Saturday, November 20, 2021

36 Righteous Men

TITLE: 36 Righteous Men
AUTHOR: Steven Pressfield

This is a page-turner, partly due to the story and partly due to the writing style used by the author. Dialogue is presented script-style and the overall narrative reads like a police report, which it mostly is, being told by Dewey, a junior detective in 2034 New York City. Climate change has reached crisis-level and now someone is killing environment activists in New York as well as other locations across the globe. Dewey and her older partner Manning are assigned to the taskforce investigating the murders. The killer leaves no trace behind, other than a mysterious mark between the victims' eyes that can be seen only after the skin is pulled back during an autopsy. A mysterious woman provides a clue that sets Manning and Dewey off on an investigative direction that puts them at odds with their supervisor. The deaths seem connected, according to the woman's info, to the Jewish myth of the 36 Righteous Men -- their identities hidden -- whose existence is keeping God from destroying humanity. Now, it seems, some supernatural creature has identified them and is killing them to bring about Armageddon. 

The urgency to keep the remaining righteous men alive is matched by a global ecosystem spiraling out of control. The sections dealing with excessive heat and storms feel all too real. The story might be fiction, but it's a cautionary tale. This could be our future, perhaps sooner than Pressfield assumed.

Wednesday, October 27, 2021

Carter Beats the Devil

TITLE:  Carter Beats the Devil
AUTHOR: Glen David Gold

This is a wonderful blending of fact and fiction, focusing on Charles Carter, a magician in the early part of the 20th Century.
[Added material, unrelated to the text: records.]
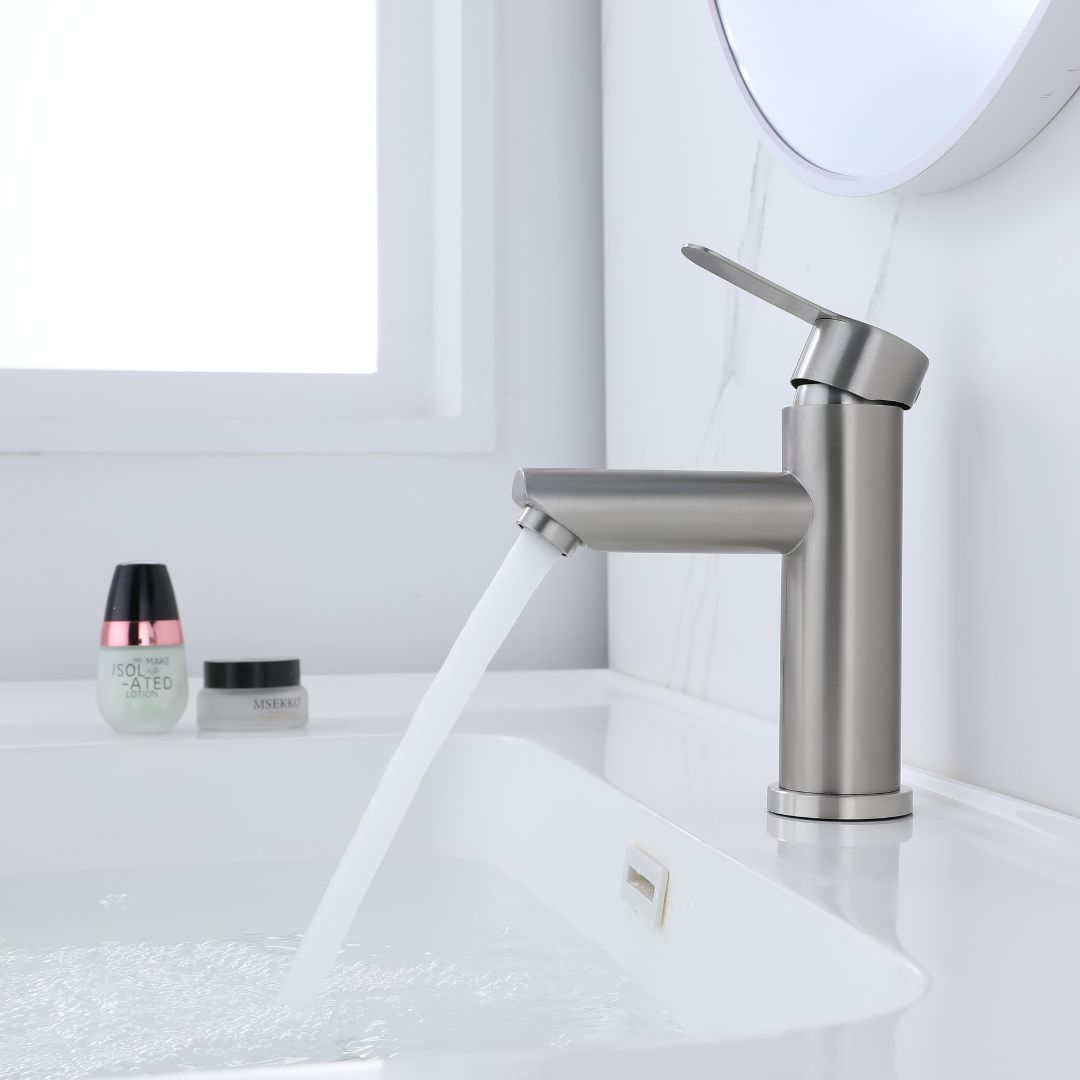 Robinet de lavabo de salle de bain compact en nickel brossé, design moderne, poignée à levier unique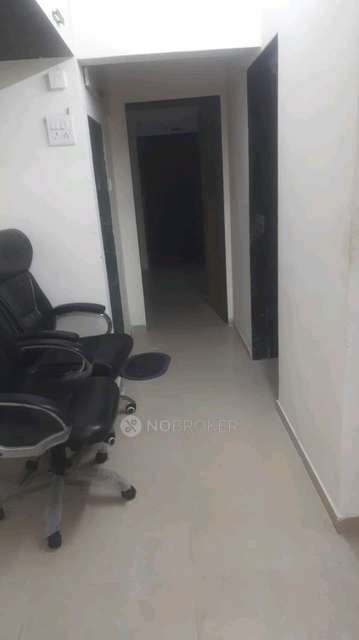 2 BHK Flat In Laxmi Classic Bldg For Sale  In Mira Road East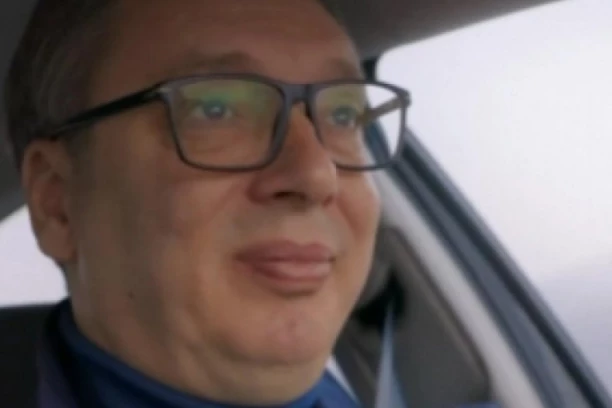 LEPA JE SRBIJA, NAJLEPŠA NA CELOM SVETU! Predsednik Vučić seo u Škodu staru 17 godina, pa krenuo u vožnju autoputem! (VIDEO)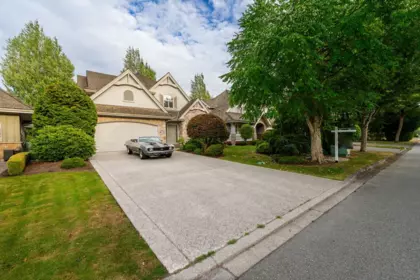 Community Amenities Photo (Clubhouse) of 3338 157a Street, Surrey, BC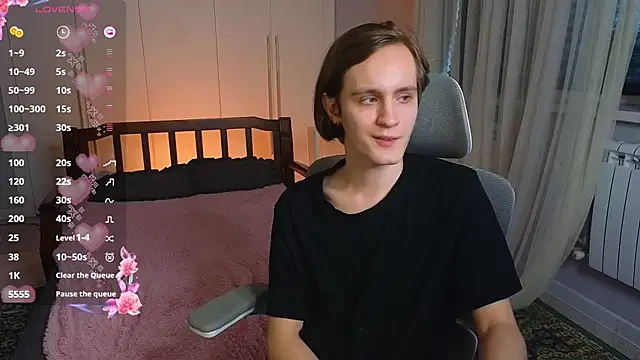 nikompell online show from February 23, 2025, 6:28 am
The inspiration for Gold's story, aka the jumping off point, is the somewhat suspicious death of President Warren G. Harding. From that moment of historical significance, Gold weaves an amazing tale full of wonder, as well as perseverance, grief, and hope. It also makes clear that a magic trick is not the same as an illusion, while continually reminding the reader of the importance of misdirection. 

Because Harding, in the book, attended Carter's show shortly before he died, participating in the mysterious final act of illusion, a determined Secret Service agent becomes convinced Carter is somehow involved in the president's death, a plot thread that gives the story most of its tension. A digression to Carter's childhood and early career, leading up to Harding's death and beyond, gives the story its soul. Carter quickly became one of my favorite characters, someone I couldn't help but root for, with his almost childlike sense of joy and confidence that things will work out. 

 I'd barely read the first hundred pages before turning to the "Program Notes" at the back, then Googling new characters as they appeared so I could know which characters were based on actual people. And as a Marx Brothers fan, I got a thrill when, during the time Carter worked on a vaudeville circuit, a comedy act titled "Fun in Hi Skule" and therefore, knew the Marx Brothers would show up. In fact, Julius (Groucho) does show up with a small speaking role. And that's all I'll say about the many delights found in this book. 

Writing about magic and illusions can't be easy, but Gold pulled it off spectacularly, grounding the story in believable characters, the ones based on reality and the ones created to fill out the story.  This book is one of the most entertaining books I've ever read.